Detail-oriented business analyst with a strong background in software development and data analysis. Proficient in Python, SQL, and JavaScript, leveraging these skills to accurately interpret business requirements, optimize workflows, and deliver data-driven solutions. Proven track record of collaborating with cross-functional teams to convert technical needs into actionable insights that align with business objectives. Recognized for exceptional problem-solving abilities, effective communication, and superior task prioritization skills, thriving in fast-paced and dynamic environments. Combining technical expertise with a focus on process improvement to consistently enhance efficiency and surpass stakeholder expectations.
Brain Stroke Prediction: Gradient Boosting | KNIME
Utilized KNIME to create diverse machine learning models to predict the probability of a stroke. The most accurate model employed the Gradient Boosting approach and achieved an accuracy rate of 95%. Conducted exploratory data analysis (EDA) and provided business insights based on the key findings.
Prediction of Hotel Reservations: Python
Developed predictive models to estimate the likelihood of clients canceling their reservations. Utilized Lasso Regression and Cross Validation methodologies to provide accommodations with insights into the factors most influential in cancellations.

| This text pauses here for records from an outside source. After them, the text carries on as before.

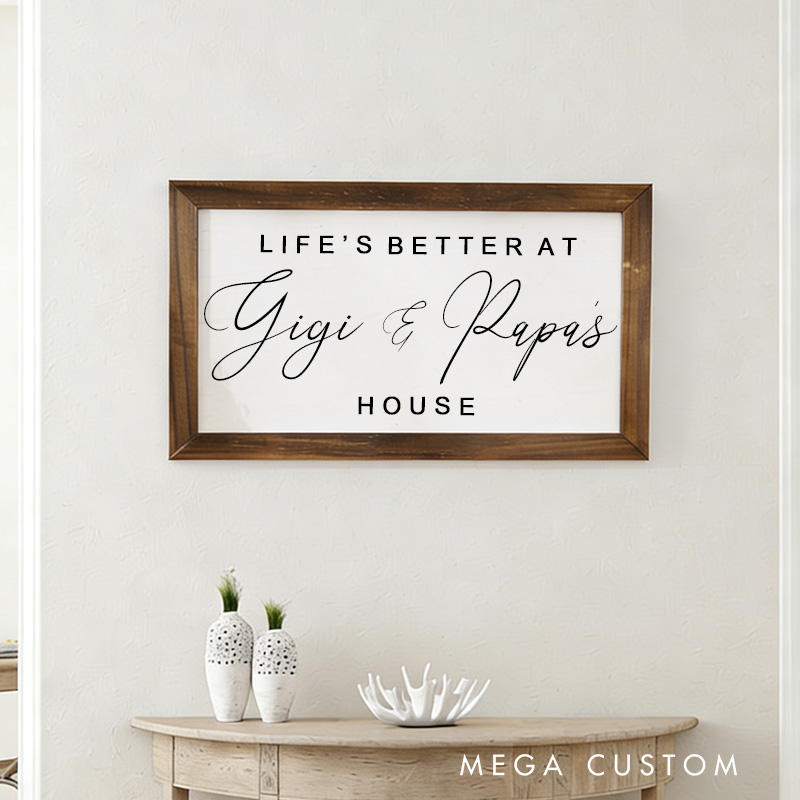 Personalized Grandparents Gift Life's Better at Gigi and Papa's House Wooden Wall Art Custom Grandparents Home Gift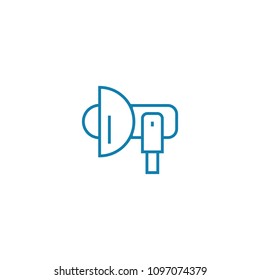 Professional flash linear icon concept. Professional flash line vector sign, symbol, illustration.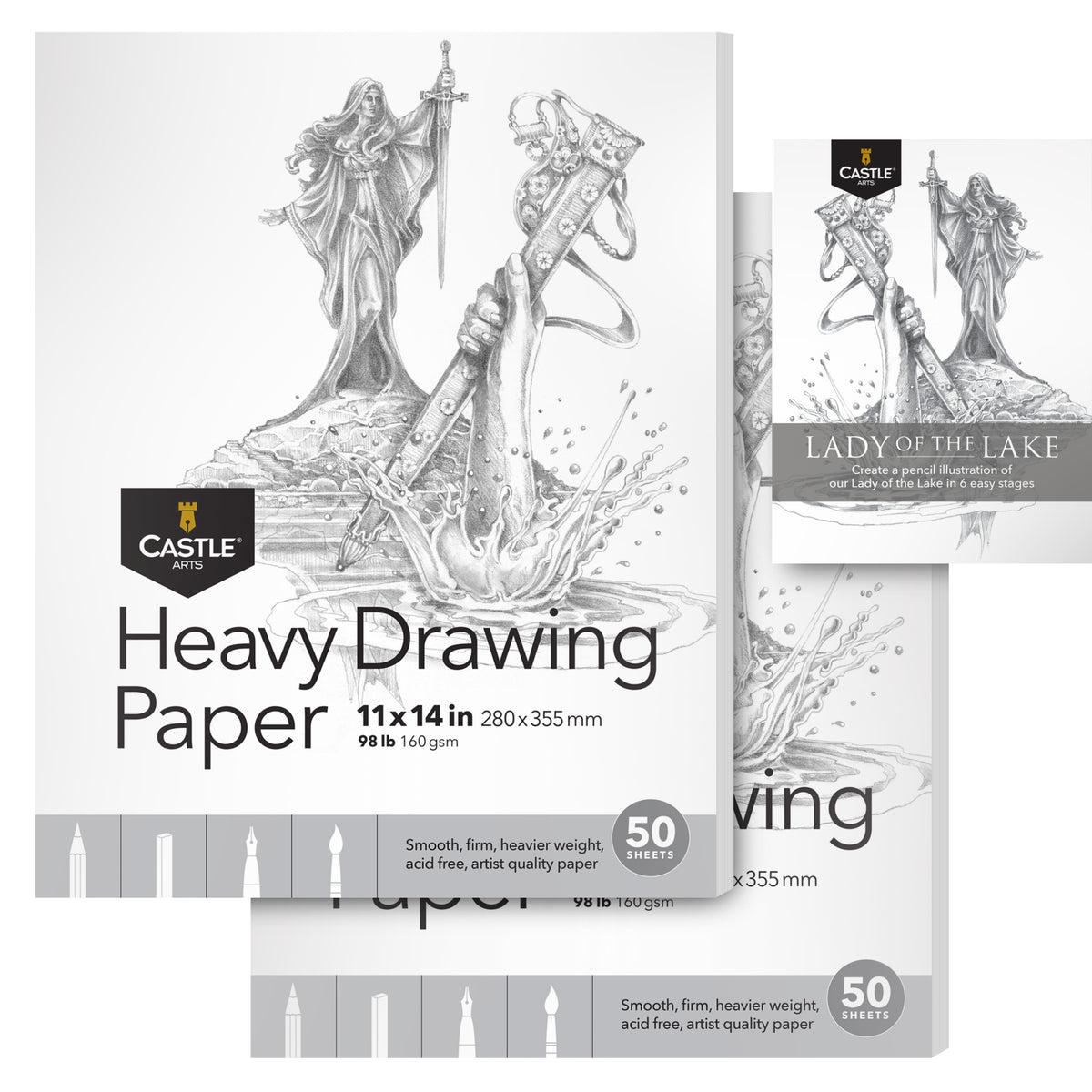 Castle Arts 100 Sheets Heavy Drawing Sketchpads 11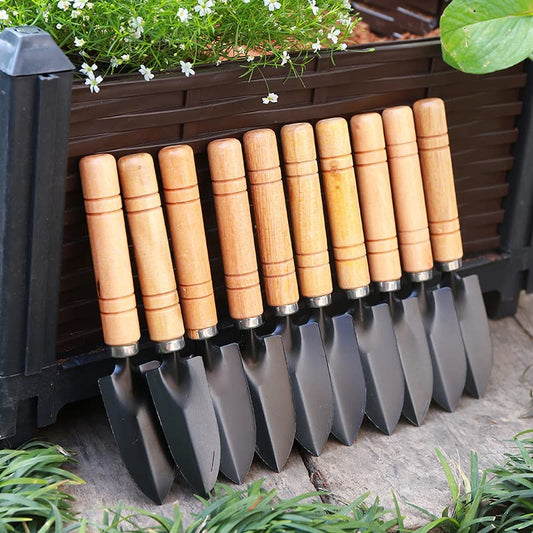 Wood Handle Garden Hand Trowel Iron Narrow Shovel Mini Digging Spade for Planting Transplanting Weeding Potting Succulent Care 6.69 x 1.38 Inch with Storage Bag 1 PCS
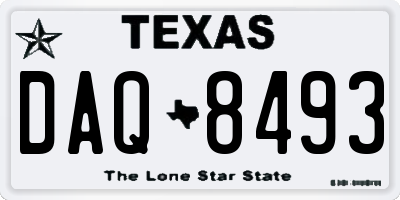 TX license plate DAQ8493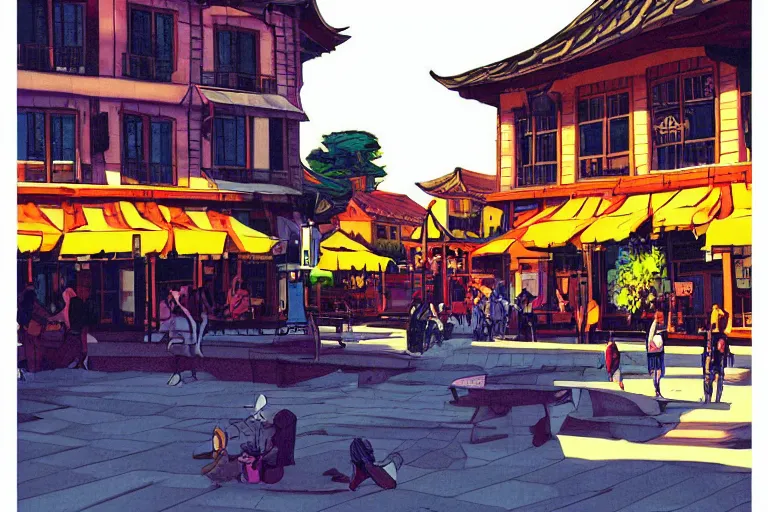 Prompt: townsquare in a sunny day, artwork by tooth wu, colorful high contrast, very coherent, dark shadow, thick lineart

Hospital Management System: SQL
Created a Hospital Management System using MySQL as the DBMS to ensure efficient patient management, clinical documentation, inventory management, and laboratory information system. Utilized Visio to construct ERD diagrams to illustrate the relationships between tables.
Google Play Store: R Studio
Conducted exploratory data analysis (EDA) in R Studio and constructed visualizations to identify trends within the data. Developed a classification model to predict which factors influence the number of installations. Evaluated the performance of the model and provided recommendations to enhance future user satisfaction and drive business value.
Employee Attrition: Python
Developed machine learning algorithms to predict which factors lead employees to leave and identify parameters that affect employee attrition. Provided actionable recommendations to improve attrition rates and workplace satisfaction.